TASK DESCRIPTION
Every line of the data below should be printed exactly. Nothing may be dropped.

[RECORDS PROVIDED Boundary: Start]

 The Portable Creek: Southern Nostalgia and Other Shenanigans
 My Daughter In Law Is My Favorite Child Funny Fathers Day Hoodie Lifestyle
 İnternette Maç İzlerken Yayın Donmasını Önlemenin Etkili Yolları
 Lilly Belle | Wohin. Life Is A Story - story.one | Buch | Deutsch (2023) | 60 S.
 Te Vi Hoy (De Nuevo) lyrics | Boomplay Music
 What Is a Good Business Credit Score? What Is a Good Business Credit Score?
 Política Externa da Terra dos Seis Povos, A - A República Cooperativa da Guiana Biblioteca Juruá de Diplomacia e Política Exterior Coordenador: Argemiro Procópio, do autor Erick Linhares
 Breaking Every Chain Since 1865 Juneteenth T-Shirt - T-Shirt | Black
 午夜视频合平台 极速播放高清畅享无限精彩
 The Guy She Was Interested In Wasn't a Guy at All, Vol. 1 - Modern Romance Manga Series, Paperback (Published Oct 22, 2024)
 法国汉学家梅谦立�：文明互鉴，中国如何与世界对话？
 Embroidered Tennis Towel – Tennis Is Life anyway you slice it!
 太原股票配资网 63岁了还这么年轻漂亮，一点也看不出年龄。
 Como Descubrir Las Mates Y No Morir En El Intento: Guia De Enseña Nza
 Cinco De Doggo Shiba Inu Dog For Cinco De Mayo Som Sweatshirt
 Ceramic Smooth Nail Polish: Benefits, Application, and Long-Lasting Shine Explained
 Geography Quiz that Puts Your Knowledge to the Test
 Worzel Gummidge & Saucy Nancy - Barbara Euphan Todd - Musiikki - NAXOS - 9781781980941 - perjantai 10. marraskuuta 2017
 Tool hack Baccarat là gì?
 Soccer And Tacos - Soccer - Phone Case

[RECORDS PROVIDED Boundary: End]

TASK SOLUTION
 The Portable Creek: Southern Nostalgia and Other Shenanigans
 My Daughter In Law Is My Favorite Child Funny Fathers Day Hoodie Lifestyle
 İnternette Maç İzlerken Yayın Donmasını Önlemenin Etkili Yolları
 Lilly Belle | Wohin. Life Is A Story - story.one | Buch | Deutsch (2023) | 60 S.
 Te Vi Hoy (De Nuevo) lyrics | Boomplay Music
 What Is a Good Business Credit Score? What Is a Good Business Credit Score?
 Política Externa da Terra dos Seis Povos, A - A República Cooperativa da Guiana Biblioteca Juruá de Diplomacia e Política Exterior Coordenador: Argemiro Procópio, do autor Erick Linhares
 Breaking Every Chain Since 1865 Juneteenth T-Shirt - T-Shirt | Black
 午夜视频合平台 极速播放高清畅享无限精彩
 The Guy She Was Interested In Wasn't a Guy at All, Vol. 1 - Modern Romance Manga Series, Paperback (Published Oct 22, 2024)
 法国汉学家梅谦立�：文明互鉴，中国如何与世界对话？
 Embroidered Tennis Towel – Tennis Is Life anyway you slice it!
 太原股票配资网 63岁了还这么年轻漂亮，一点也看不出年龄。
 Como Descubrir Las Mates Y No Morir En El Intento: Guia De Enseña Nza
 Cinco De Doggo Shiba Inu Dog For Cinco De Mayo Som Sweatshirt
 Ceramic Smooth Nail Polish: Benefits, Application, and Long-Lasting Shine Explained
 Geography Quiz that Puts Your Knowledge to the Test
 Worzel Gummidge & Saucy Nancy - Barbara Euphan Todd - Musiikki - NAXOS - 9781781980941 - perjantai 10. marraskuuta 2017
 Tool hack Baccarat là gì?
 Soccer And Tacos - Soccer - Phone Case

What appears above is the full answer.